Weitere Forschung ist notwendig, um besser zu verstehen, welche Patienten am besten ansprechen und dann von einer Langzeitbehandlung profitieren und welche Nebenwirkungen in der Langzeitanwendung auftreten können. Hierfür sind, neben der von der FDA geforderten Phase IV Studie, auch sogenannte Registerstudien von großer Bedeutung, um den klinischen Nutzen zu belegen. Im ungünstigsten Fall könnte Aducanumab später noch als nicht wirksam bewertet werden, weil die Zulassung nach dem beschleunigten Verfahren gewährt und von den Ergebnissen einer zusätzlichen Studie abhängig gemacht wurde.
Der beschleunigte Zulassungsweg, der von der FDA für Aducanumab gewählt wurde, ist gedacht für Arzneimittel gegen schwere Krankheiten, von denen erwartet wird, dass sie einen bedeutsamen Vorteil gegenüber der verfügbaren Therapie besitzen, auch wenn eine Restunsicherheit hinsichtlich des endgültigen klinischen Nutzens des Arzneimittels besteht. Um über diesen Weg zugelassen zu werden, muss es substanzielle Beweise für die Wirksamkeit des Medikaments auf einen „Surrogat-Endpunkt“ geben der die zugrunde liegende Krankheitspathologie widerspiegelt. In der Regel handelt es sich um einen Biomarker, in diesem Fall Amyloid bzw. dessen Ablagerung. Im beschleunigten Verfahren muss nicht unbedingt nachgewiesen werden, dass der Effekt auf diesen Surrogat-Endpunkt einen klinischen Nutzen nach sich zieht.

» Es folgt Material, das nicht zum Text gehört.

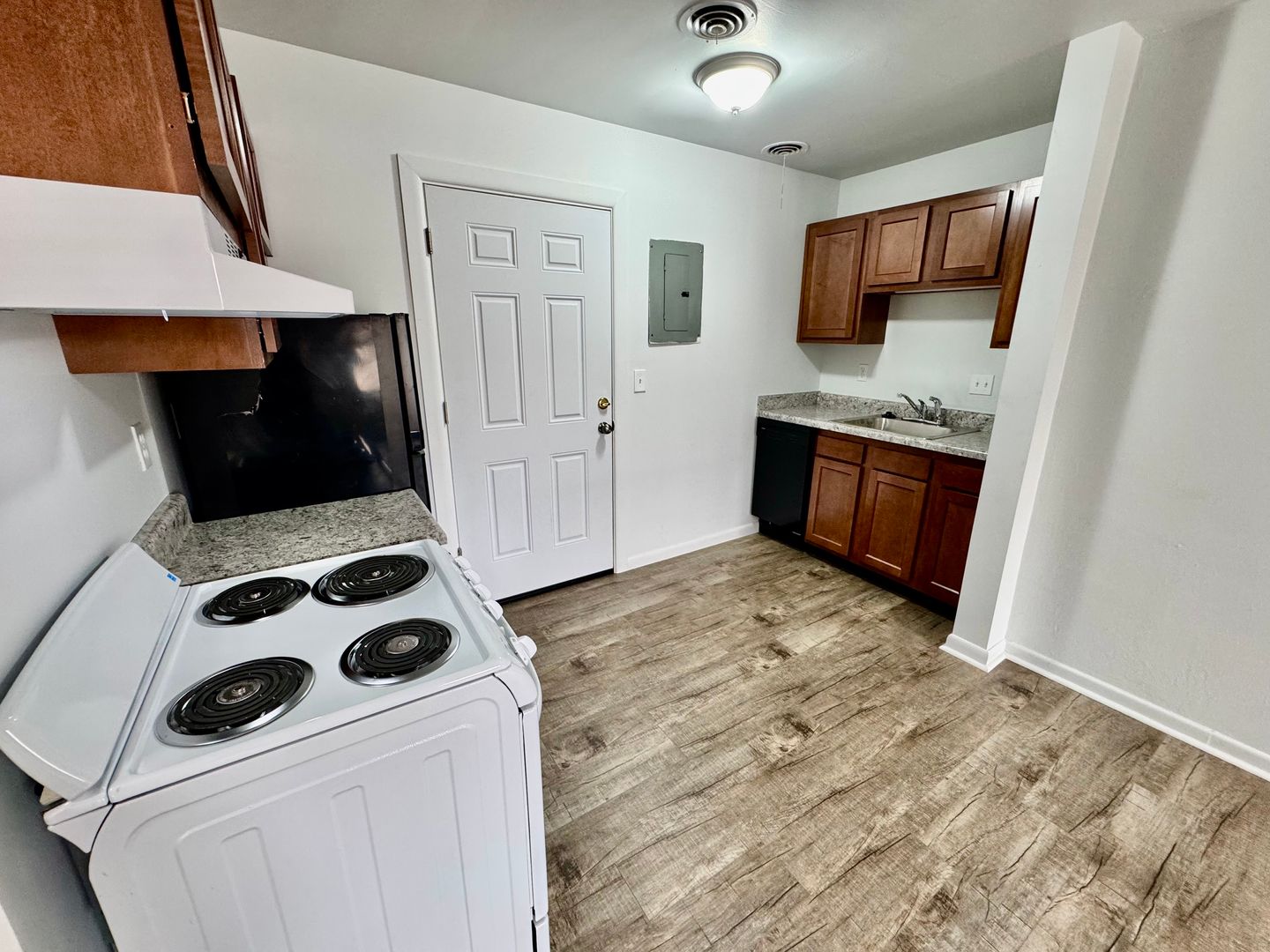 Ypsilanti Apartment: 400 Perrin St.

Die Europäische Zulassungsbehörde entscheidet sich unabhängig von der FDA, weshalb eine Zulassung nicht sicher vorausgesagt werden kann. So sehr auch Patienten und Ärzte seit Jahren auf ein neues und besseres Medikament gegen die Alzheimer-Krankheit hoffen, kann derzeit nicht abgeschätzt werden, ob Aducanumab auch vor einer Europäischen Zulassung in Deutschland verfügbar gemacht werden kann. Notfallzulassungen ohne eindeutigen klinischen Wirksamkeitsnachweis sind generell kritisch zu bewerten. Auch gibt es eine Reihe offener Fragen beim Einsatz in Deutschland und Europa zu den Kosten, den Erwartungen der Patienten, dem noch ausstehenden eindeutigen klinischen Wirksamkeitsbeleg und der erforderlichen Sicherheits-Untersuchungen.
Obwohl dieses Medikament also keine Heilung bewirkt und auch noch mit einer gewissen Unsicherheit behaftet ist, ist diese erste Behandlung gegen die Pathophysiologie und die Symptome der Alzheimer-Krankheit von großer klinischer Relevanz. Das Voranschreiten des kognitiven Abbaus bei Menschen im Stadium der leichten kognitiven Beeinträchtigung (MCI) aufgrund Alzheimer-Krankheit oder Alzheimer-Demenz im Frühstadium zu verlangsamen ist ein großer Fortschritt und die bekannten Nebenwirkungen erscheinen tolerierbar. Neben Aducanumab befinden sich aktuell weitere gegen Amyloid gerichtete Antikörper in Zulassungsstudien (Gantenerumab, Lecanemab, Donanemab), von denen auf Grund ihrer Eigenschaften eine vergleichbare Wirkung erwartet werden kann. Es ist zu hoffen, dass der jetzt zumindest in den USA möglich gewordene Einsatz von Aducanumab einen Durchbruch für weitere Therapien gegen die Alzheimer Krankheit darstellt und mehr Pharmafirmen dazu veranlasst, Forschungsaktivitäten zur Entwicklung von Therapien gegen neurodegenerative Erkrankungen wieder aufzunehmen.